Maringer estima à très juste titre que la mise en vente du couvent
du Sacré-Cœur était une occasion inespérée pour les
hospices d'agrandir leur domaine foncier et de profiter de bâtiments existants
pour réaliser un hôpital de tuberculeux.
Dès le 13 avril 1904, Maringer réunit le conseil municipal et lui expose que la
Commission des hospices a en vue l'acquisition de l'ancien couvent du Sacré-Cœur pour y installer l'hôpital spécial qu'elle est
tenue de créer pour le traitement des tuberculeux. Le prix de vente de ce
domaine est fixé à 200000 F payables immédiatement, condition impérative mise
par le vendeur, et que ni la ville, ni les hospices ne pouvaient remplir, vu la
longueur des formalités administratives à effectuer.

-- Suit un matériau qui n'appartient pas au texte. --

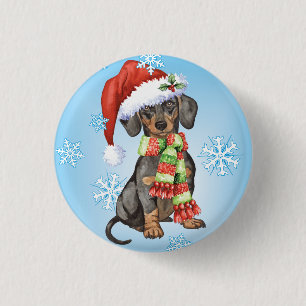 Happy Howlidays Dackel Button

Étant donné l'urgence et le
très bref délai accordé par les religieuses pour vendre leur domaine, il
fallait trouver une solution immédiate. Maringer la
trouva grâce au dévouement d'un de ses concitoyens, Charles-Achille
Giron, qui avait été son collaborateur à la
mairie de Nancy comme conseiller municipal (1888) puis comme adjoint (1892).
Entrepreneur de travaux publics, disposant d'une très belle fortune, Giron
acceptait de servir d'intermédiaire en achetant immédiatement le couvent du Sacré-Cœur et en s'engageant à le revendre à la ville de
Nancy dans le délai d'un an.
Dès le 22 mars 1904 une promesse
de vente était signée valable pour un délai de 15 jours, et le 7 avril 1904 Mme
de Angellis, résidant alors à Ostende, vendait à Charles-Achille Giron, propriétaire, ancien adjoint au
maire de Nancy, l'immeuble dit le Grand Sacré-Cœur et
le domaine sur lequel il était implanté, d'une surface d'environ 47000 m2,
moyennant la somme de 200000 F que l'acquéreur réglait sur le champ (Acte reçu
par Maître Vergne et Baudot, notaires à Nancy).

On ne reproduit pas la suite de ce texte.